No action was taken, and the election went forward as planned and was accepted with no comment by the Office of the Secretary of State. Fejeran, who was running for mayor, lost the election when incumbent Ron Engels was re-elected.
On November 7, the petitioners filed their Amended Verified Petition asserting additional deficiencies in Clerk Bechtel’s handling of various nominating petitions for municipal office in Central City. Like the Original Petition, the Amended Petition was signed, but not verified.
Central City filed a Motion to Dismiss on November 26. In the motion, several reasons were given by the City, including the fact that both petitions (an amended petition was filed a month after the first one, asserting additional deficiencies in Clerk Reba Bechtel’s handling of various nominating petitions for municipal office in Central City) had never been verified.
The motion also stated that “Mandamus [the original form of the petition] is not appropriate unless all alternative forms of relief have been exhausted. When administrative remedies are provided by statute or ordinance, the procedure outlined in the statute must be followed if the contested matter is within the jurisdiction of the administrative authority.” There had been, the Motion continues, “administrative remedies” available.
The petitioners, Snedeker and Fejeran, attempted to get a conference with the judge in a motion filed on December 3. Judge Philip J. McNulty of the District Court denied that request, based on faulty procedure on the part of the two.
On December 19, Judge McNulty granted the Motion to Dismiss: “Petitioners’ Original Petition and Amended Petition are dismissed with prejudice.” This means that the suit cannot be filed again.
Further, “The Court hereby further grants Respondent Reba Bechtel her reasonable attorney fees and costs,” recognizing that Bechtel had suffered financial distress as a result of the suit. No comment has been made of the attack on Bechtel’s character in the original petition.

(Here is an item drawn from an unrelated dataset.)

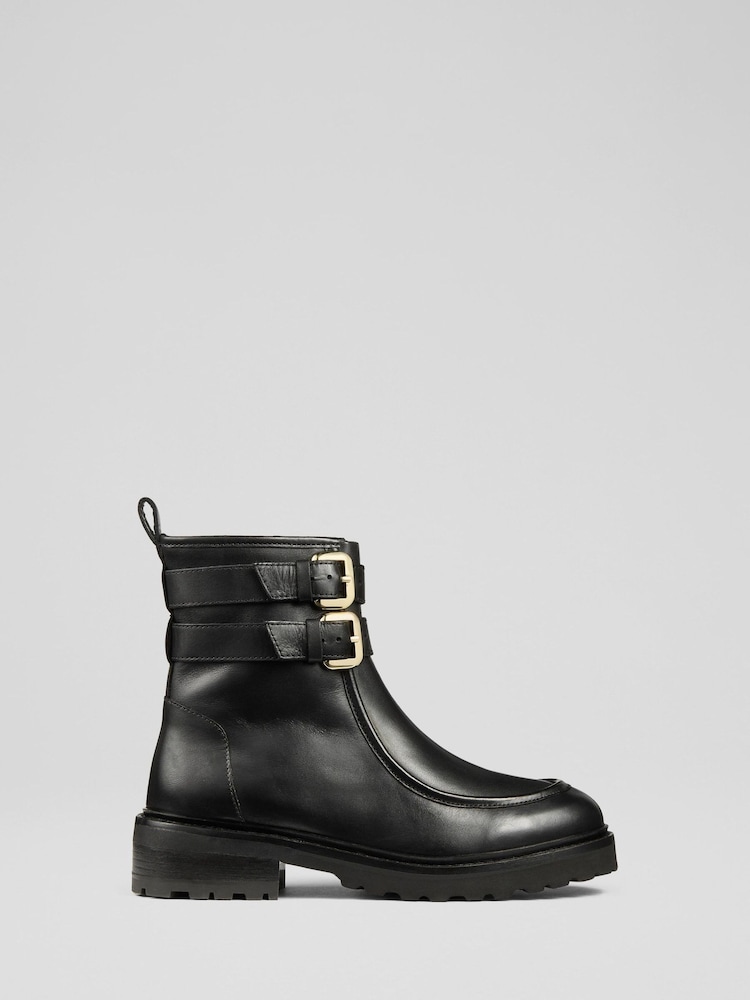 LK Bennett Black Bennie Plain Leather Ankle Boots - Image 1 of 4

Nor was she the only person negatively affected. The petition also attacked long-time Central City resident and election judge Barbara Thielemann, as having not “been present at the time of the notarization but … added later,” a claim Thielemann denies, but which led her to resign as an election judge in November in order not to appear to prejudice the election.
The Mountain-Ear will be following this story as it continues to unfold.